1

I am not quite sure about which work will be done by CPU and which will be done by the OS when a page fault occurs. That's why I'm asking the following questions.

Consider a single-core CPU, with several processes running. When a page fault occurs, the OS would try to fetch the required page from disk to RAM, which will cost a long time. During this time period, can the CPU keep on executing? Or the CPU has to wait until the required page is loaded into RAM?

If the CPU can keep on executing without waiting for the required page, then thrashing may occur when there are too many processes. At some moment, most of the instructions that the CPU executes will cause page faults, then the most of the time spent will be waiting for OS loading the pages from disk to RAM. That's why thrashing occurs. May I know if my understanding is correct?

Thanks in advance.


Update: this website describes thrashing very well.

Ethan L.
  • 395
  • 2
  • 8

3 Answers3

2

The CPU doesn't know that it's "in" a page fault. CPUs aren't recursive!

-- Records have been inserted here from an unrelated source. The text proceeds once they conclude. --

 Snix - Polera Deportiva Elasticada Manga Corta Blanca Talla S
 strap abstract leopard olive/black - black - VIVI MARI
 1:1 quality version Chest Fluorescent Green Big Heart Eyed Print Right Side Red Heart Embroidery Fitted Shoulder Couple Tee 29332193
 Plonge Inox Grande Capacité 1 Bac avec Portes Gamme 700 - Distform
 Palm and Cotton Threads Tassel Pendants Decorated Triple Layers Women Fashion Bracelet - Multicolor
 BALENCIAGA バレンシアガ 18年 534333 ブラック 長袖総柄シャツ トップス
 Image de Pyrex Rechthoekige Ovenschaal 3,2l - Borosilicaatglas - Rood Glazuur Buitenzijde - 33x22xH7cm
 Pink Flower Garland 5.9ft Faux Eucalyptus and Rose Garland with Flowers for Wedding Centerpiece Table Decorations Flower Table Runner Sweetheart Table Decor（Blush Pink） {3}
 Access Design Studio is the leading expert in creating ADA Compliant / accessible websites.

When a 32-bit x86 CPU (for example) encounters a page fault, here's what it does (slightly simplified):

  • Set the value of CR2 to the address which caused the page fault.
  • Look at the Interrupt Descriptor Table and some other tables and find the address of the page fault handler (new CS, new EIP) and the kernel stack (new SS, new ESP).
  • Set the values of CS, EIP, SS, and ESP to the ones it just read.
  • Push the old SS, old ESP, EFLAGS, old CS and old EIP onto the stack.
  • Push the SS, ESP, EFLAGS, CS and EIP registers onto that stack.
  • Update the flags to say we're now in kernel mode.

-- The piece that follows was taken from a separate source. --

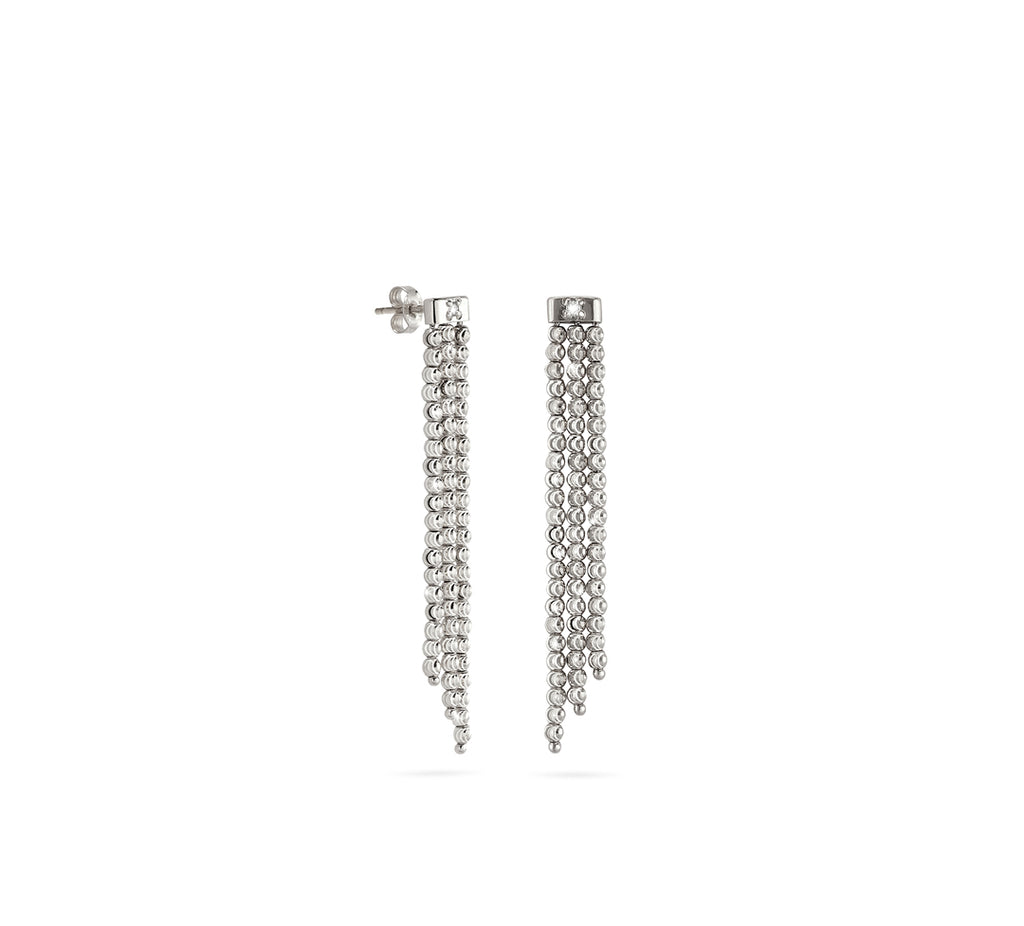 18k White Gold 2mm Triple Classic Moon Bead Drop Earrings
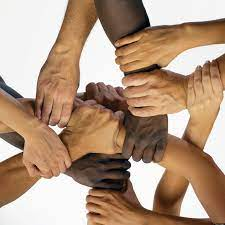 Interlocking hands - together we can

That's all it does. Now, there is some data on the stack that the kernel uses when it wants to make the CPU go back to what it was doing before the page fault happened. But the kernel isn't obligated to use that data. It could go back somewhere entirely different, or it could never go back. It's up to the kernel. The CPU doesn't care.

A usual kernel will first save all the other registers (important!), look at the address, decide where to get the page, tell the disk to start fetching the page, make a note that the process is stopped because of a page fault, and then it will go and do something entirely different until the data comes back from the disk. It might run a different process, for example. If there are no processes left to run, it might turn off the CPU (yes, really).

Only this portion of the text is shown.